I thought, when I first saw her, that it was a joke. Her hair, that is–the dress is bad, ill-fitting, and seems to have a garbage bag peeking out where the slit should be. But her hair, oh her hair. Did she put her finger in an electrical socket? Stick her head out the window on her drive to the red carpet? Did she get styled in Texas? It is such a mystery to me. Her hair is gorgeous–thick and reddish-brown and there are one million ways that it could have looked fantastic. But this was not one of them.
If she has a stylist, that person should be severely flogged. Her hairdresser should leave the country as soon as possible. And she, well, she can be forgiven this one mistake because one of the things that is best about Melissa McCarthy is that she is an actress and not a fashion plate, and she doesn’t try to conflate the two. I like that about her. But if she ever shows up in public with that hair again, I will weep and gnash my teeth and assume the end of the world is very near.
From the worst to one of the best:
After her truly sad dress at the Golden Globes, I had high hopes that Chastain would redeem herself this time around. When I first caught a glimpse of the back of the dress while Ryan Seacrest chattered away in the corner of the TV, I was wary. Redheads do not usually do terribly well in copper. Gold and silver, yes. Many bright colors, yes. But copper and bronze tones can tend to wash a ginger out, and that would have been a shame.
But.
On second and third and fourth reviews, I only grew to love the dress more and more. Her hair and makeup were just right (if very “Old Hollywood glamour,” which seemed to be the theme for the night)–Kelly Osborne pointed out that if she hadn’t done the red lipstick, the whole look might have been way off, and I tend to agree.
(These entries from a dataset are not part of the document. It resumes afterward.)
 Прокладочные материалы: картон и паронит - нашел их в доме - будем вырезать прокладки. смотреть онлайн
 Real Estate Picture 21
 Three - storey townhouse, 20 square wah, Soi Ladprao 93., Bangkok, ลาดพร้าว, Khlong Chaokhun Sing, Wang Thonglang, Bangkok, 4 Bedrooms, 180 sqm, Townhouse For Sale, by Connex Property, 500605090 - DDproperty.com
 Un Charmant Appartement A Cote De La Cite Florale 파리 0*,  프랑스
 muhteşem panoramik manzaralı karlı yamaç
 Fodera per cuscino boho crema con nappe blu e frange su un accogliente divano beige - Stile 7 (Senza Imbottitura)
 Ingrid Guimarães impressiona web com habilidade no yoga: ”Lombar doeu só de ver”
By the end of the night I loved everything about her look, and I really liked that because the beading and color of the dress were so unique, the rest of it was simple. All in all, a major winner. She made me proud of my race.
You’ll have to indulge me for a second, because this isn’t exactly red carpet stuff. BUT. This dress was by leaps and bounds my favorite of the night. I love it so much I want to marry it, or get married in it, or marry it WHILE I AM WEARING IT. I meta-loved it. Diane Kruger is a lovely actress, and a fashion plate to boot. She is also dating Pacey from Dawson’s Creek, whose real name is maybe Joshua Jackson?, but who I like to think is just a more dapper version of his character from my most beloved teenage TV show.
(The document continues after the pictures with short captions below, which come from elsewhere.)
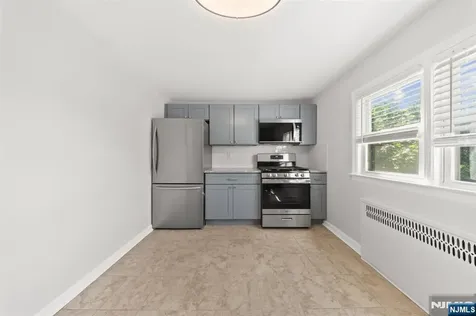 81 Grant Avenue Clifton NJ 07011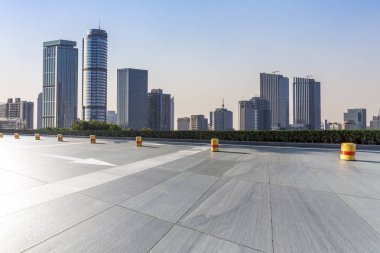 Panoramik siluet ve boş yolu, boş beton zemini olan modern iş binaları.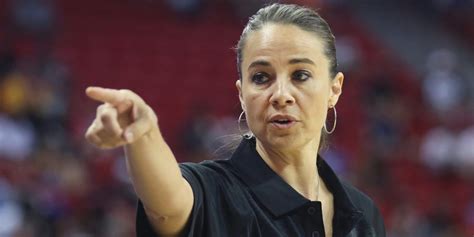 Becky Hammon Is Now A Legit Nba Head Coaching Candidate Business Insider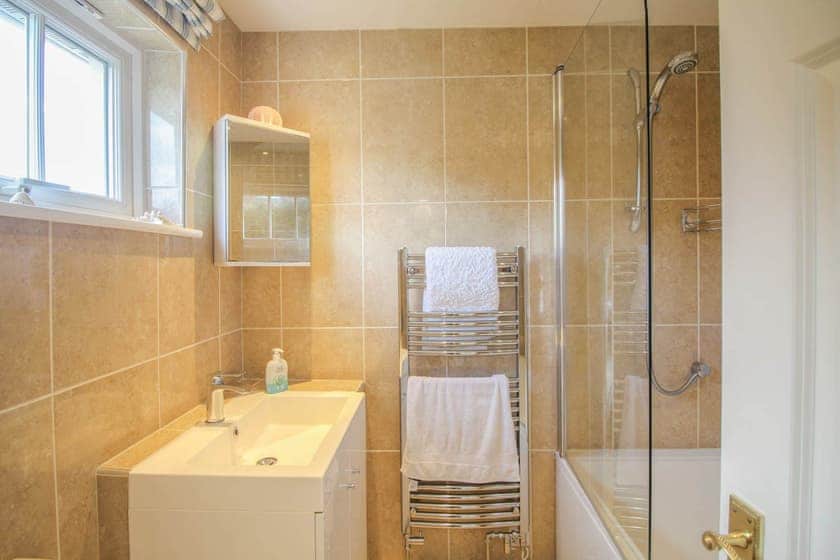 Bathroom | Rose da Mar, St. Just In Roseland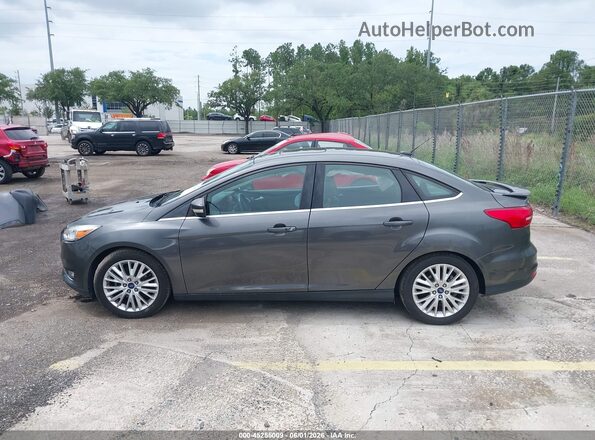 1FADP3J27JL247181 2018 FORD FOCUS Серый 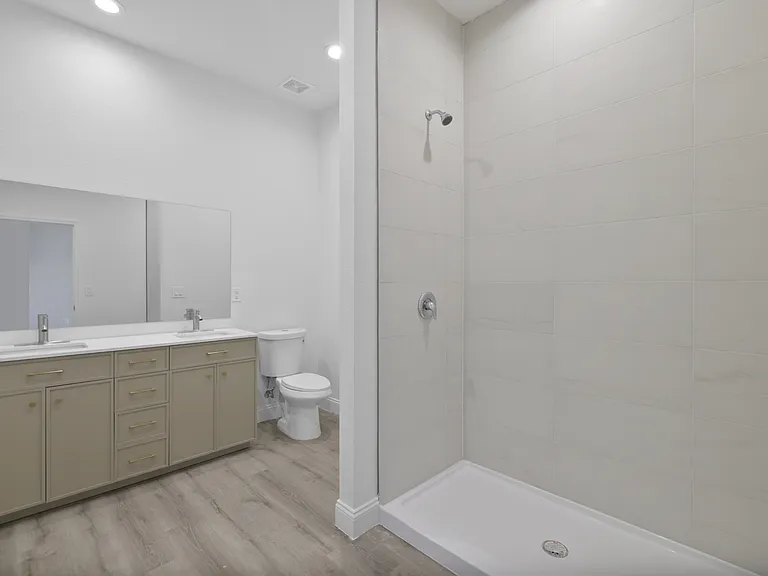862 Charles Sise St E — Photo 16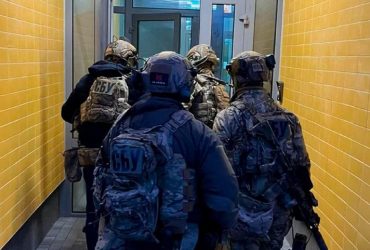 Посадовців Сумської ОВА спіймали на розкраданні коштів, призначених на відбудову (фото)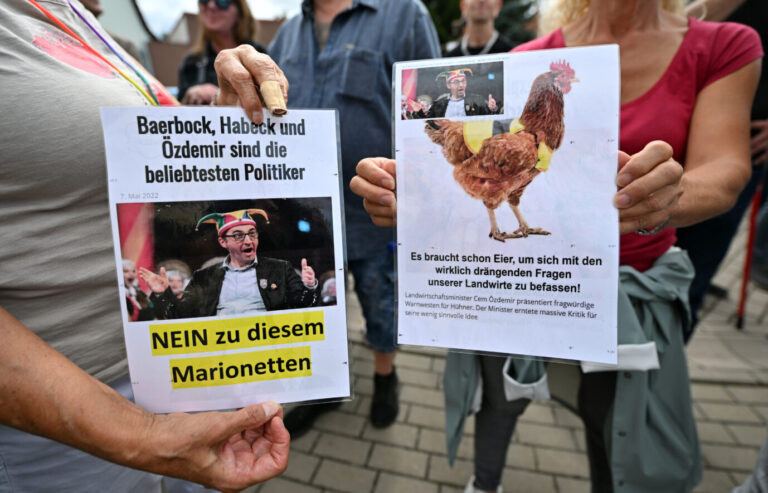 Landwirtschaftsminister Cem Özdemir steht bei den Bauern nicht hoch im Kurs, wie Proteste zeigen.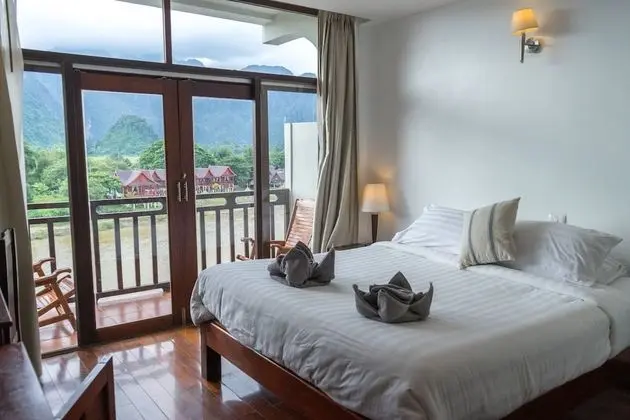 Deluxe Tek Büyük Yataklı Oda, Balkon, Nehir Manzaralı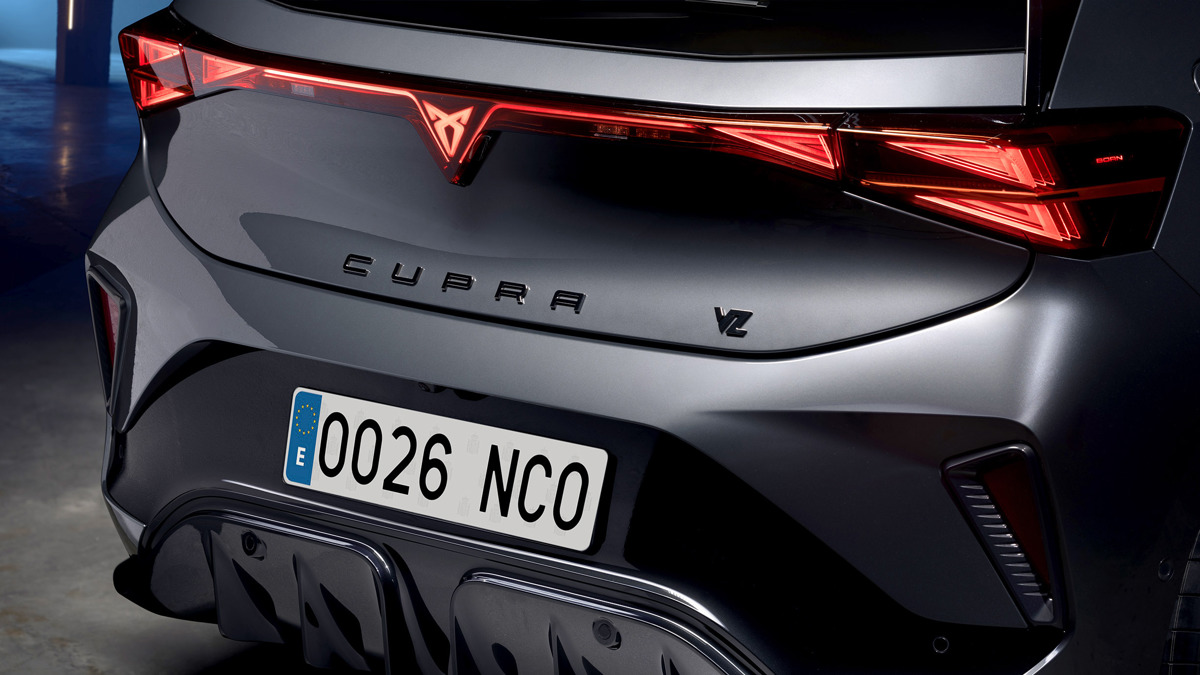 Cupra Born Facelift: Physical Buttons Return, 372-Mile Range, 322 HP VZ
So, first things: She has the legs to pull this dress off, which not many people could. She could look a bit like the Flying Nun, too, but somehow that just makes it work even more! Has there ever been an Academy Awards where the Flying Nun was referenced? I don’t think so; not until this year. The shoes, the miniaudiere, the makeup, everything was perfect for a big Hollywood Oscar party. The hemline is so perfect for the dress, and the dolman/cape-y shoulders are just perfect. I wish I had been there just so I could have met her in the bathroom, told her I loved her dress, knocked her out with some ethylene like they used to do at the doctor’s, stolen her dress, and made Pacey run away with me. Is that weird? Don’t answer.
That’s a wrap for now, as I’m off to do some unimportant things like try to write and read and work and stuff. What were your favorites? What did I miss? And were there any that were just terrible? I’d love to hear about those, especially. Oh, and…
Honorable mentions: Jennifer Aniston’s red Valentino, with very Aniston beach-y hair; the front of Jennifer Garner’s dress and that necklace; Octavia Spencer’s beaded number; Quevenzhané Wallis with her poufed sleeves and puppy purse.
Meh mentions: Charlize Theron’s white peplum (again with the bridal!); Halle Berry’s Bond Girl getup (I still can’t make up my mind about it!); Nicole Kidman’s L’Wren Scott column dress (yawn).
Dishonorable mentions: Amanda Seyfried’s outer space sexy McQueen (the cleavage circle underneath the choker thing is weird to me); Reese Witherspoon’s gown (which was a gorgeous dress and color but needed to be pulled up at the top and let out an inch at the hips); the back of Jennifer Garner’s dress, Renee Zellweger looking like a hot mess.
A final word: If you have not seen Hattie McDaniel’s acceptance speech at the 1940 Academy Awards for her role in “Gone With the Wind,” watch it. It is one of the most touching moments in film history, and the dignity with which she receives the reward is just the right antidote for the one-upmanship that marked most of the show on Sunday.
LOVED this blog …. You are certifiable! But I loved it. I agree with most of your assessments, in particular Diane Kruger, for who’s dress you’d be fighting ME in the ladies room.
But if you will, google Jessica’s dress images and tell me if you notice anything black in front, held together (to use your metaphor) with a “Y” of angel hair pasta in back. Her skirt was entirely transparent and her panties were an accessory not from Harry Winston. Just sayin.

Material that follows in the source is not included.